4. Jon Embree, Colorado: The only reason Jon Embree isn't number two on this list (the incomparable Derek Dooley can never be outdone in this department, let's face it) is because he walked into a situation at Colorado that was already pretty bad. Gary Barnett had already been enshrined in the Guiness Book of World Records for "Most Unfathomably Inappropriate Remark About Placekicking" -- this record still stands -- and Dan Hawkins had followed that up by going 19-39 over five seasons. So, yes, Colorado was not in a great place. But then Jon Embree took the program to a much much darker place. His two year records of 3-10 and 1-11 actually make his tenure at Colorado sound way better than it was. His second year on the job -- the 1-11 season -- he was trotting out a historically bad football team each and every Saturday. They were dead last in Bill Connelly's rankings, and that never happens for a power conference team. Generally the worst power conference team in the country -- Hi Vandy! -- is somewhere around 100. Certainly bad, but nowhwere approaching the levels of putridity that you see in the cellars of the Sun Belt, C-USA, or MAC. Jon Embree made it happen. Jon Embree transformed a former National Championship winning program into the Truckstop Shower on College Football's highway. A tip of the hat to you, Mr. Embree. That takes serious anti-skill.
3. Charlie Weis, Kansas: No matter where Charlie Weis goes, he rolls in with the utmost confidence, convinced beyond a shadow of a doubt that the team he is coaching will immediately turn around for the better. Why wouldn't they? Him bringing with him a decided schematic advantage and all. But no matter where Charlie Weis goes, Charlie Weis fails. The man takes irrational confidence to levels never before seen. And there are some instances where I consider irrational confidence a good thing; an endearing trait, even. But not when you mix it with smug. Any man who publicly claims that the team he is about to begin coaching will have a "decided schematic advantage" has reached a self-satisfaction level well past what I'm able to tolerate. And on top of all that, he sucks. You can't be smug and terrible all at the same time. That's not how it works. That's not how any of this works!
2. Mike Locksley, New Mexico.
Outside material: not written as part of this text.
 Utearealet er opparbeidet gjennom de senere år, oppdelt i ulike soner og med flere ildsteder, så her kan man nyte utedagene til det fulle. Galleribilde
Locksley managed to go an unfathomable 2-26 in less than three years with the Lobos, while also finding the time to get into a fist fight with an assistant coach, be the subject of an age and sex discrimination lawsuit from an athletics department staffer, and come under investigation for having a car registered to him impounded when the minor driving it was arrested for DWI. Some people really know how to multi-task.
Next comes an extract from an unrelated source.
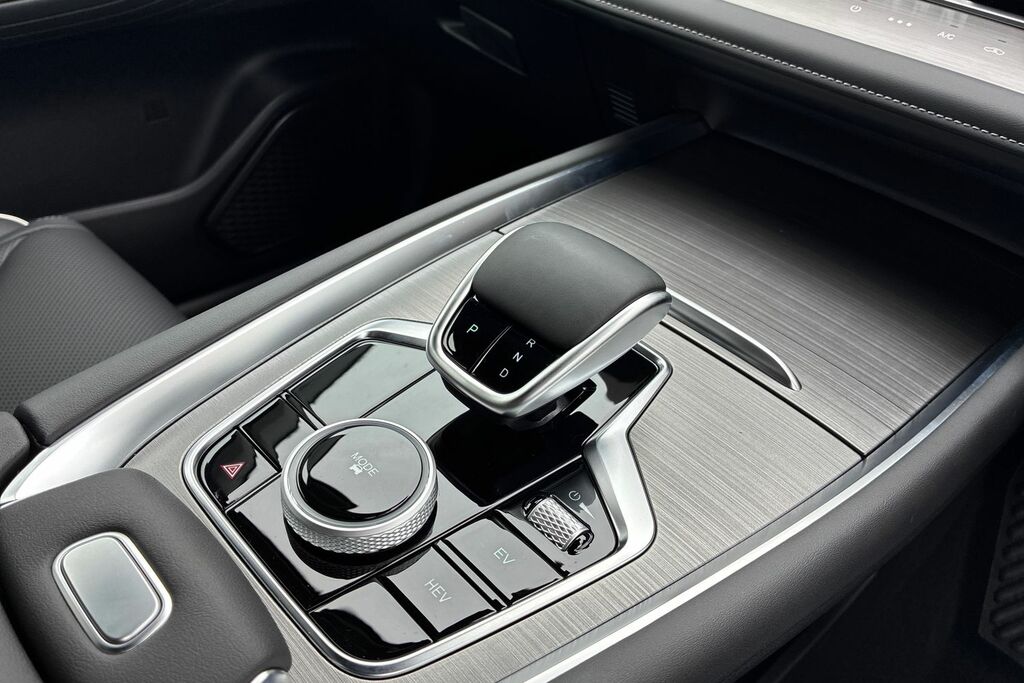 Chery Tiggo 7 1.5T Phev Summit Dht Silver #19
1. Derek Dooley, Tennessee. The worst coach (15-21 overall; 4-19 in SEC play) in Tennessee's long, proud football history, Dooley managed to combine unprecedented losing with absurd press conferences where he discussed a football complex graphic that read "Opportunity is Nowhere", compared his team to the Nazis, and explained the growth patterns of bamboo. A renaissance man, Dooley managed to alienate his current players by playing favorites and failing to discipline malcontents like current Texas A&M tight end Cam Clear and former Colts wide receiver Da'Rick Rogers, while also somehow finding the time to alienate high school recruits and coaches with a combination of condescension and broken promises. Currently serving as the wide receivers coach/assistant head coach for shower discipline for the perennially disappointing Dallas Cowboys, here's hoping we never see his like again.
Honorable Mention: Keith Gilbertson, Brad Scott, Joker Phillips, Ron English, among others. Please do feel free to discuss the many others.